Titel: Die Telegraphie auf der elektrischen Ausstellung in Frankfurt.
Autor: Anonymus
Fundstelle: 1890, Band 282 (S. 11–13)
URL: http://dingler.culture.hu-berlin.de/article/pj282/ar282007

Die Telegraphie auf der elektrischen Ausstellung in Frankfurt.

Von Prof. E. Zetzsche.

I.

Wenn nachstehend darüber berichtet werden soll, was die Internationale elektrische Ausstellung zu Frankfurt a. M. aus dem Gebiete der elektrischen Telegraphie darbietet, so wird sich der Bericht nicht bloss auf die Telegraphie im engeren Sinne (die Verkehrstelegraphie) zu erstrecken haben, sondern auch die Telegraphen für besondere Zwecke mit umfassen müssen. Von den letzteren sollen indessen die Telegraphen- und Signaleinrichtungen der Eisenbahnen, welche in Frankfurt eine besonders ausgiebige Vertretung gefunden haben, hier ausgeschlossen bleiben, weil über dieselben getrennt berichtet werden wird.

Die Ausstellungsgegenstände sind, soweit sie der zunächst zu besprechenden Telegraphie im engeren Sinne angehören, theils z. Z. in Betrieb stehende Telegraphen, theils in Vorschlag gebrachte Neuerungen, theils endlich historische Sachen. Von Neuerungen ist nur wenig vorhanden; diese und das im Betrieb Befindliche mag zuerst besprochen werden, während am Schluss einige Bemerkungen über die den Entwickelungsgang der Telegraphie erläuternden Gegenstände folgen sollen, welche auf der Ausstellung vorhanden sind.

Von der deutschen Reichstelegraphen Verwaltung und von der bayerischen Verwaltung sind theils in, theils vor der Halle für Telegraphie und Telephonie zunächst Gestänge für oberirdische Leitungen und Kabel, ferner Kabeleinführungen und sonstiges Zubehör ausgestellt, welche namentlich auch die durch die rasche Ausbreitung und Verdichtung der städtischen Telephonnetze erforderlich gewordenen Maassnahmen veranschaulichen; dahin gehört z.B. auch Baumann's Drahtumschalter (vgl. 1888 268 * 213).

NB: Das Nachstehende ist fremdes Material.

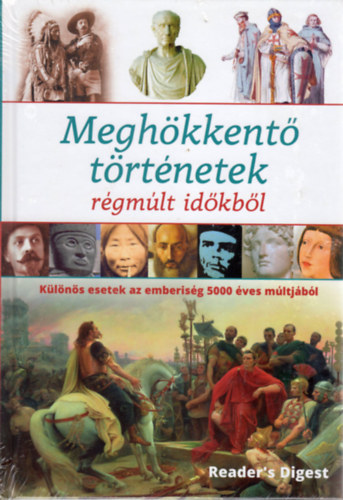 Meghkkent trtnetek rgmlt idkbl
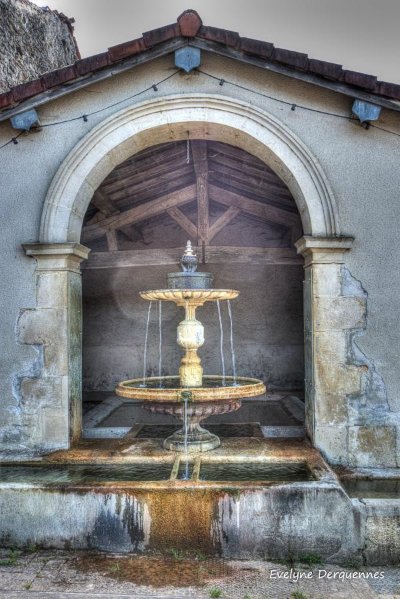 Circuit de la croix blanche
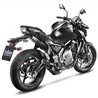 Leovince Kawasaki Z 650 LV ONE EVO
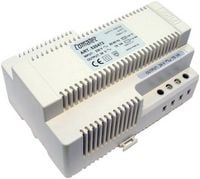 Produktbild: Comatec TBD207524F8 Hutschienen-Netzteil (DIN-Rail) 24 V/AC 3.13A 75 VA Inhalt 1St.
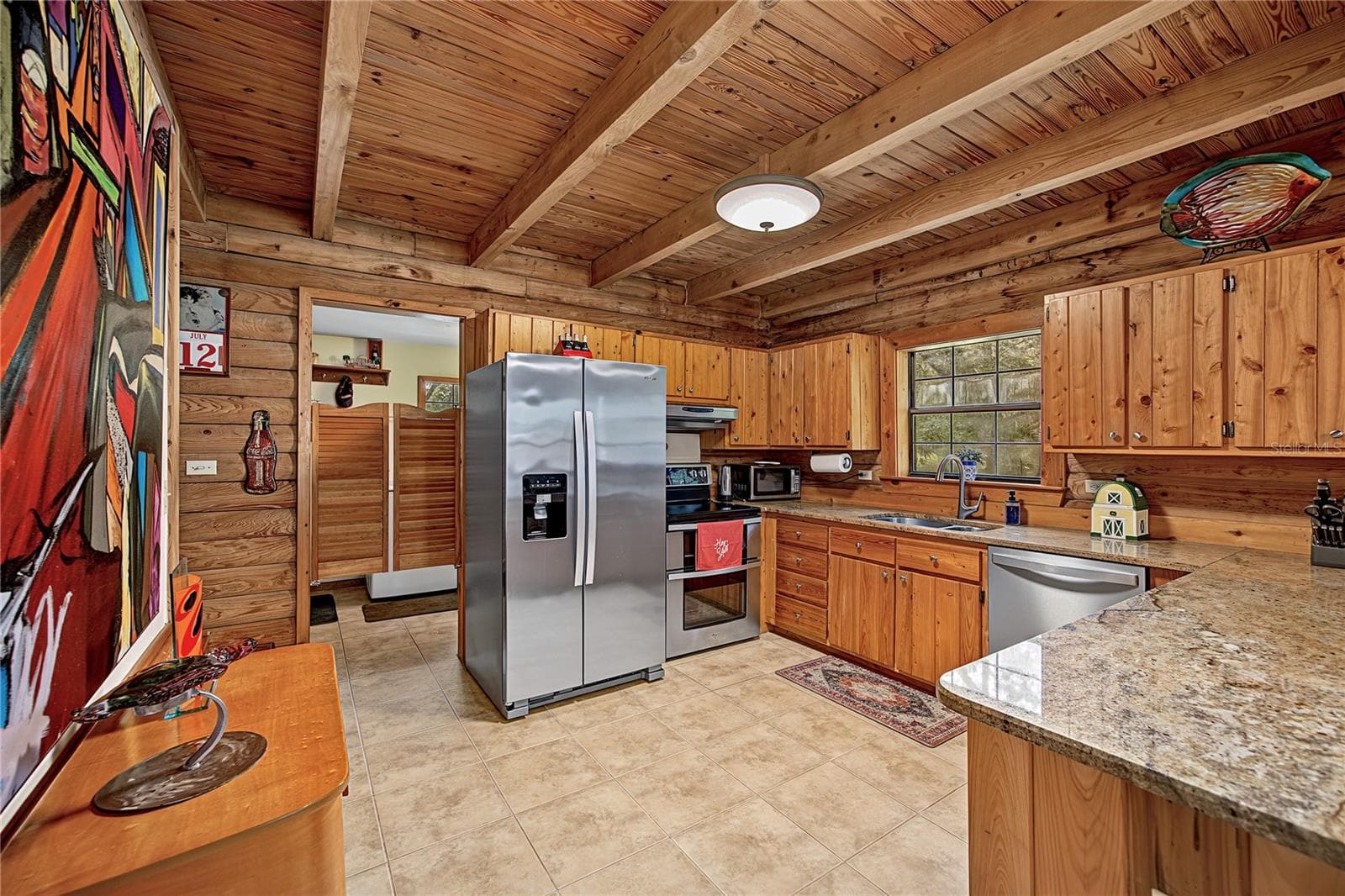 Single Family Residence at 16350 NE 53RD LN, WILLISTON, photo 14 of 73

Erwähnt mag hierbei der von G. Wehr in Berlin ausgestellte |12| Stangenblitzableiter werden, innerhalb dessen der Uebergang der Luftelektricität zur Erde vermittelt wird durch einen äusserlich mit rund herum laufenden Riefen versehenen Kern, welcher innerhalb einer auf ihrer Innenseite mit Längsriefen versehenen Hülse steckt, so dass die sich kreuzenden Riefen einander nahe gegenüberstehen.

Die jetzt gebräuchlichen Morse-Farbschreiber und Hughes-Typendrucker sind ebenfalls von den beiden genannten Verwaltungen ausgestellt worden.

Die Eastern Telegraph Company in London hat einen Morse ohne Laufwerk von Saunders und Brown vorgeführt. In demselben wirkt der Ankerhebel des Elektromagnetes mittels eines Stosszahnes auf ein verzahntes Rädchen und schiebt dies bei Ankunft eines jeden Telegraphirstromes um ein entsprechendes Stück fort; ein auf der Achse des Zahnrädchens sitzendes Schwungrad macht die durch die wiederholten Stösse hervorgebrachte Bewegung des Rädchens stetig, so dass weiter auch der Streifen stetig abgewickelt wird.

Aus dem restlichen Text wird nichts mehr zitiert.